Prerequisites

Before reading this document, understand these concepts first:

Learn Bulk indexing, Refresh, and Index Lifecycle Management for efficiently storing large volumes of data.

Elasticsearch indexing goes beyond simply storing data. When a document is indexed, it goes through a complex process including text analysis, inverted index creation, and segment management. Understanding this process reveals why Bulk indexing is 10x faster than single-document indexing, why documents aren’t immediately searchable after indexing, and why Refresh should be disabled during bulk indexing. The right indexing strategy directly impacts system performance and operational costs.

Indexing Basics#

Indexing Process#

flowchart LR
    A[Document Received] --> B[Analyze]
    B --> C[Create Inverted Index]
    C --> D[Memory Buffer]
    D --> E[Refresh]
    E --> F[Segment]
    F --> G[Flush]
    G --> H[Disk]

This diagram shows the indexing process where a document is received, analyzed, stored in an inverted index, held in a memory buffer, made searchable via Refresh, written to a Segment, and permanently stored to disk via Flush.

StageDescription
AnalyzeSplit text into tokens
Memory BufferTemporary storage in memory
RefreshMake searchable (default 1 second)
SegmentImmutable index piece
FlushPermanent storage to disk

Single vs Bulk Indexing#

Why use Bulk indexing? Indexing 10,000 documents one by one results in 10,000 network round trips, taking about 30 seconds. Sending the same data in batches of 1,000 completes in about 3 seconds with just 10 requests.
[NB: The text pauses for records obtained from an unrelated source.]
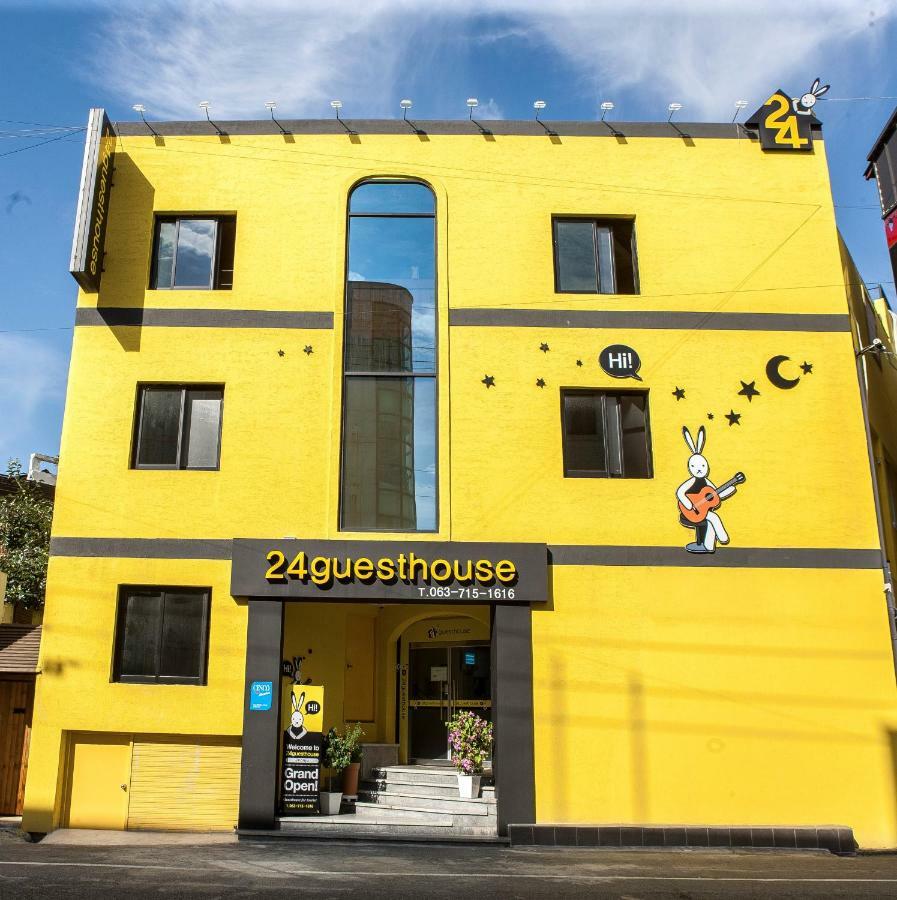 24 Guesthouse Jeonju Exterior foto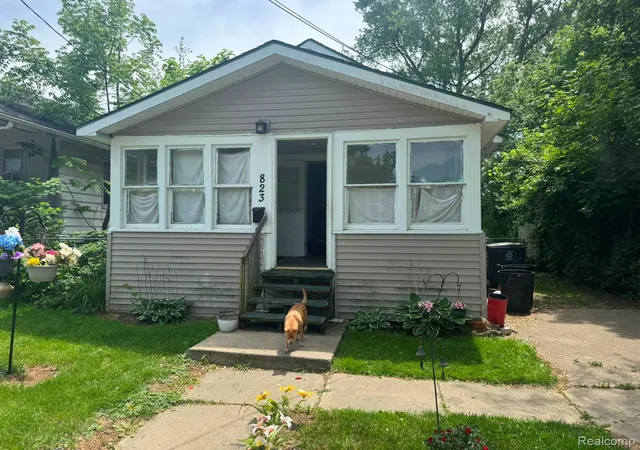 Photo 1 of Single family home for sale at 823 Remington Ave, Flint, MI 48507 | MLS# 20261040695 | Listing updated on 2026-06-12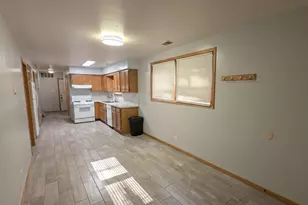 445 W 37th St, Chicago, IL 60609 - Photo 3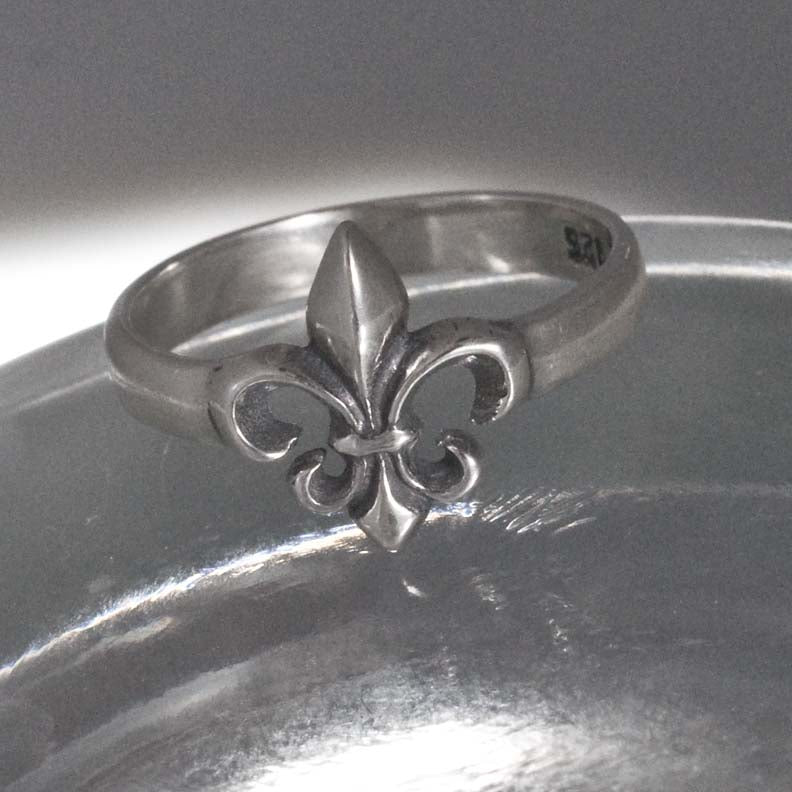 Petite Fleur de Lis Ring Size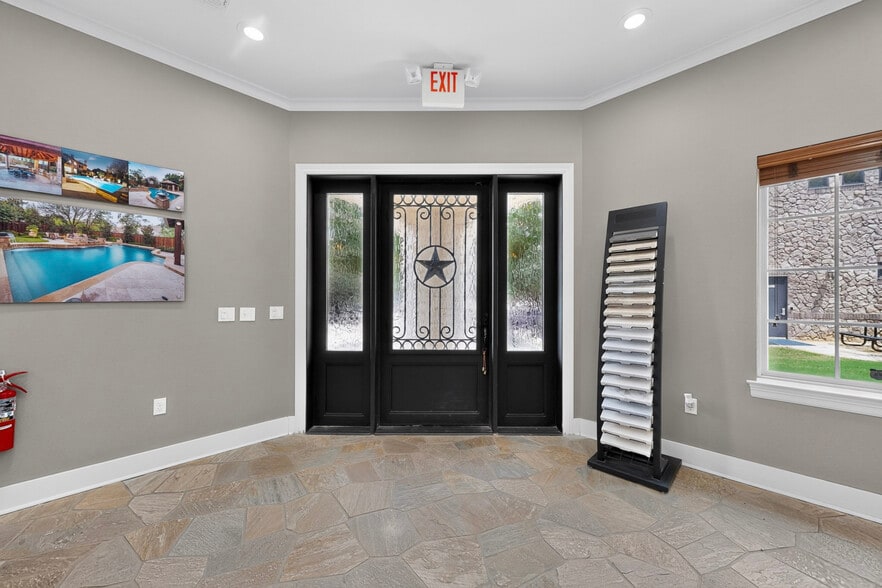 More Photos Of 2230 Bush Dr, McKinney Medical For Lease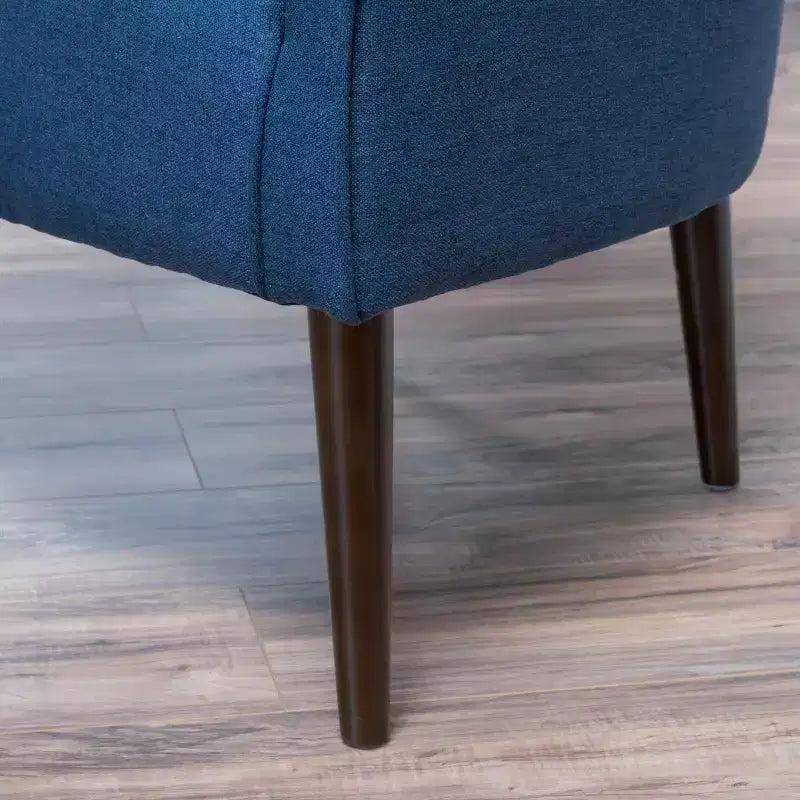 Poltrona Club moderna capitonné con gambe in legno di betulla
Bulk indexing dramatically reduces network overhead, improving large-scale data processing speed by more than 10x.

Single Document Indexing#

PUT /products/_doc/1
{
  "name": "MacBook Pro",
  "price": 2390000
}

Bulk Indexing#

Process multiple documents at once:

POST /_bulk
{"index": {"_index": "products", "_id": "1"}}
{"name": "MacBook Pro", "price": 2390000}
{"index": {"_index": "products", "_id": "2"}}
{"name": "MacBook Air", "price": 1390000}
{"index": {"_index": "products", "_id": "3"}}
{"name": "iPad", "price": 1499000}

NDJSON format: Each line separated by newline (\n), including the last line

Performance Comparison#

MethodTime for 10K docsNetwork Requests
Single~30 seconds10,000
Bulk (1000 per batch)~3 seconds10
POST /_bulk
// Recommended size: 5-15MB per request
// Recommended doc count: 1,000-5,000

Bulk Indexing in Spring#

@Service
public class ProductBulkService {

    private final ElasticsearchOperations operations;

    public void bulkIndex(List<Product> products) {
        List<IndexQuery> queries = products.stream()
            .map(product -> new IndexQueryBuilder()
                .withId(product.getId())
                .withObject(product)
                .build())
            .toList();

        operations.bulkIndex(queries, Product.class);
    }
}

Refresh#

What is Refresh?#

Operation that makes Memory Buffer data searchable.

flowchart LR
    A[Memory Buffer] -->|Refresh| B[Segment<br>Searchable]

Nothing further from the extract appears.